Я прокряхтела нечто невразумительное, пытаясь поддакнуть, и в то же время напомнить, что Ленин лежит в мавзолее. Папа разжал объятия и принялся тискать мои впалые щечки:

– Ух, ты моя доченька, как же я соскучился, – принялся он со мной сюсюкаться.

В голову стали заползать нехорошие идеи о подмене папы неким инопланетным существом, натянувшим его кожу.

– Мы же виделись вчера. Или позавчера… На днях, пап, – попыталась я напомнить ему.

– Да! Виделись, но я так рад вас видеть вновь, детки! – вымолвил папуля и свою порцию тисканий получил и Егор, до этого с иронией поглядывая на то, как мучилась я.

– Пап! Я ж не маленький, – попытался он увернуться от отца.

– Я тоже! И не стесняюсь выражать чувства! Скоро все будет так хорошо! – Поделился с нами секретом папа.

– У нас все хорошо, – хором заверили мы отца.

– У тебя, дочка, вижу, что нехорошо, – он потрепал меня по макушке. – Споткнулась, да? С кем не бывает.

Вот он! Тот самый человек, который без всяких отступлений угадал причину моего… гипса. Но не суть важно, главное, основная причина моих переломов ему известна. А вот Егорка не поверил. Он, конечно, тоже прав. Наверное, просто чувствует меня чутьем близняшки. И все же до папули ему далеко!

– Ребятки, вы тоже встали уже, – кинулся папа обниматься к Стасу и следующей за ним Соне, которые имели неосторожность выползти на кухню.

– О, дядя Род, вы прямо излучаете радость, – брезгливо выплюнула Соня, завидев его радостную физиономию, и поспешила обойти его стороной, ретировавшись к окну, сдвинув от него меня.

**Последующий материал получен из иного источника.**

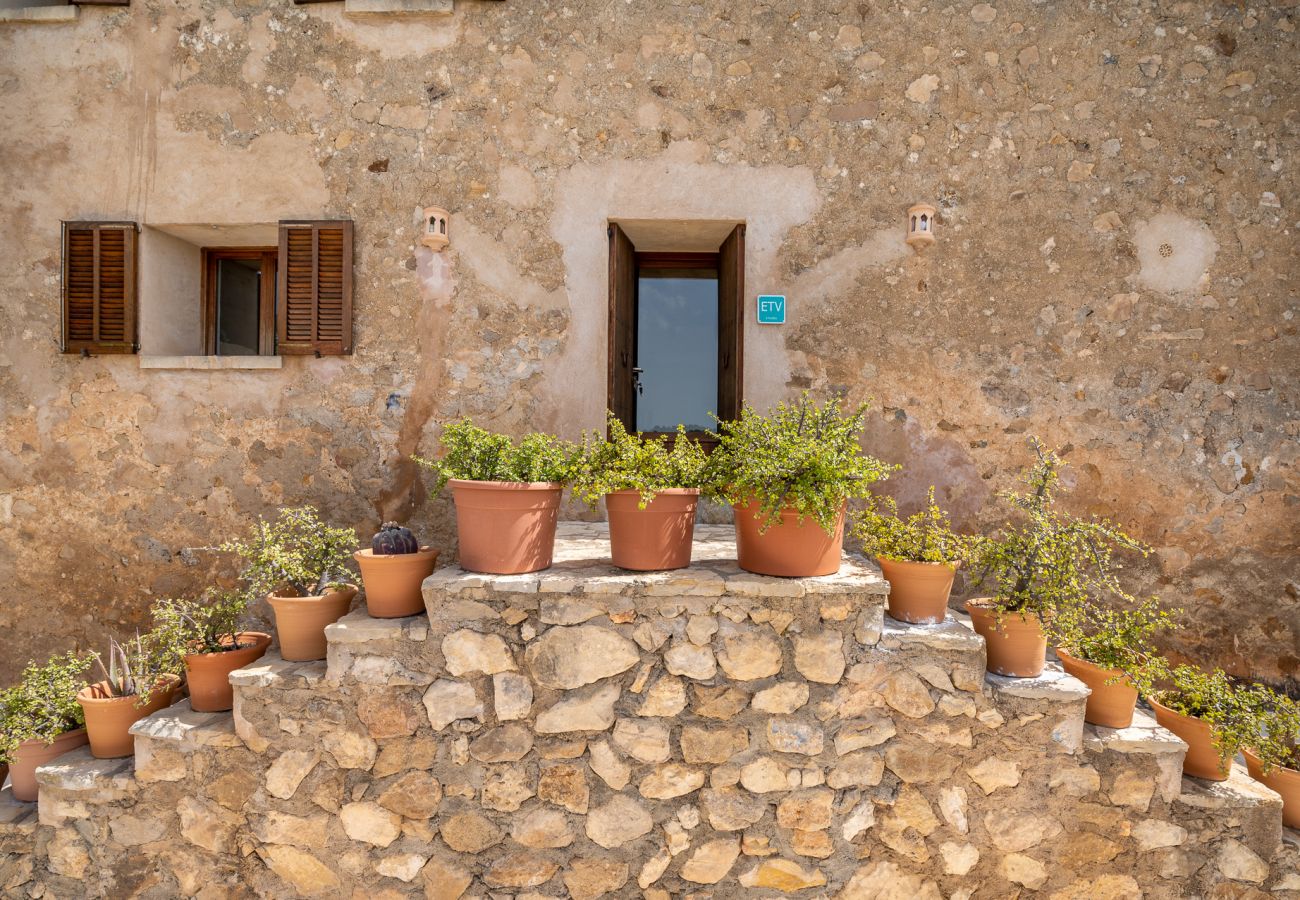 Cottage in Vilafranca de Bonany - Finca Hortella Vell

– Да, я счастлив! Стасик, как жизнь? – он крепко обнял племянника, тот испустил какой-то протяжный умирающий кряк, у меня даже мелькнула мысль, а не придушил его папуля?

Обошлось… Папа его отпустил, а бледное лицо Стаса очень медленно стало заливаться краской, сам же он еле держался на ногах, буквально, как выжатый лимон.

– Где мой кофе?! – разрывающе-перепонки громко и гневно раздалось прямо у меня над ухом.

Так вот кто сидел у окна. Соня была уверена на все сто процентов в том, что это я вылила его. Кому бы еще это могло прийти в голову? Она жалила меня полным яда взглядом, будто ненавидела всем сердцем. Чем я это заслужила? Мне лишь хотелось спросить у нее, почему она оставила меня в тюрьме. Хотя я знала, я верила, что лишь для того, чтобы привести подмогу. Ведь семья не предает. Для нее же понятие семьи значит также много, как и для меня. Верно? Нет, я не верю, что она тогда имела в виду то, что сказала! Это было состояние аффекта. Она просто перенервничала. Я тоже нервная была слишком.